Age-related macular degeneration (AMD) is one of the most common causes of blindness, and results from damage to the macula at the back of the eye. The adult retinal pigmented epithelial-19 (ARPE-19) cell line is currently being used to assist in developing therapies for AMD as these cells display many ‘RPE-like’ characteristics, including a pigmentation-specific gene expression profile similar to that observed in primary human RPE cells. Generation of these differentiated phenotypes require extended periods of culture, but specific culture conditions can result in more rapid cell maturation compared with those in standard culture media.
To characterise the molecular events associated with maturation, ARPE-19 cells were cultured in different media (DMEM-based media or X-VIVOTM 10), and serial sampling of cell material and extracellular culture media was conducted over two time-course experiments at regular intervals. Metabolomics (1H quantitative NMR spectroscopy), transcriptomics (RNA-Seq) and proteomics (LC-MS/MS) were used to generate complementary omics data for collected materials. Significant differences between conditions over the experimental culture time course were derived and included in pathway analysis.

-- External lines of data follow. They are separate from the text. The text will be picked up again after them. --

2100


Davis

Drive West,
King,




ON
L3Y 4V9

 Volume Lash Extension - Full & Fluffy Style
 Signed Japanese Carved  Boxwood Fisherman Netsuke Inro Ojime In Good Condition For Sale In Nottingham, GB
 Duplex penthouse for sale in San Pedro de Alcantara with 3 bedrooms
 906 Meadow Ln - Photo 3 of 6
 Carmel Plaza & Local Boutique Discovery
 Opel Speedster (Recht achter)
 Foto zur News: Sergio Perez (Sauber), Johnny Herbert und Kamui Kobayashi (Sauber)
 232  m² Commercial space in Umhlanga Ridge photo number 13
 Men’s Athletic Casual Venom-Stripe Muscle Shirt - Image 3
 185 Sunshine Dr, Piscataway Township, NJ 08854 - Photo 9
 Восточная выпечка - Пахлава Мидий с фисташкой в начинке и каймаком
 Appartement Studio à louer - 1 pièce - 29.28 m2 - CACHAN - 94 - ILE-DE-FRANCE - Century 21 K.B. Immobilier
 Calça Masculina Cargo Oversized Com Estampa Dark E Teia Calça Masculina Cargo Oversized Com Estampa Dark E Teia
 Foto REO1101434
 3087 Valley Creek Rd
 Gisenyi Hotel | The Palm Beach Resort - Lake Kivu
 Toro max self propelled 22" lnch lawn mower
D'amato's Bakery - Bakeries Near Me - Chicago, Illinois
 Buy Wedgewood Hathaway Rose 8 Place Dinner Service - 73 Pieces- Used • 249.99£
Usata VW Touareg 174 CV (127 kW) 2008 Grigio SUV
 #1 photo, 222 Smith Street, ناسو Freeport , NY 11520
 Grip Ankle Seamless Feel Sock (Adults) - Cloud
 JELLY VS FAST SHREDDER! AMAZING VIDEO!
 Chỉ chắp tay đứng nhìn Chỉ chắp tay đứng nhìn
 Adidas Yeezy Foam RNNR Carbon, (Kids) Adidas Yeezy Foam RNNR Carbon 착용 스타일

Visual pigmentation was observed from week three with cells cultured in X-VIVOTM 10 based media compared to those cultured in DMEM-based media. The rate of change of 24 media metabolites by 1H NMR spectroscopy was evaluated and revealed the rate of tyrosine uptake was higher with cells maturing in X-VIVOTM 10 media, consistent with melanogenesis. RNA-Seq analysis showed significant transcriptional changes in the X-VIVOTM 10 cell system including upregulation of key pathways: Wnt and ERK/ MAPK signalling cascade; transcription factor MITF; tyrosine-metabolism pathway genes melanogenic enzymes tyrosinase, tyrosinase-related protein 1, and dopachrome tautomerase.
This study provides a novel complementary omic approach in altered melanogenesis/pigmentation pathways associated with ARPE-19 cell maturation and demonstrates the potential use of non-invasive 1H NMR quantitative profiling methods in the monitoring of cell maturation/differentiation in vitro using extracellular media.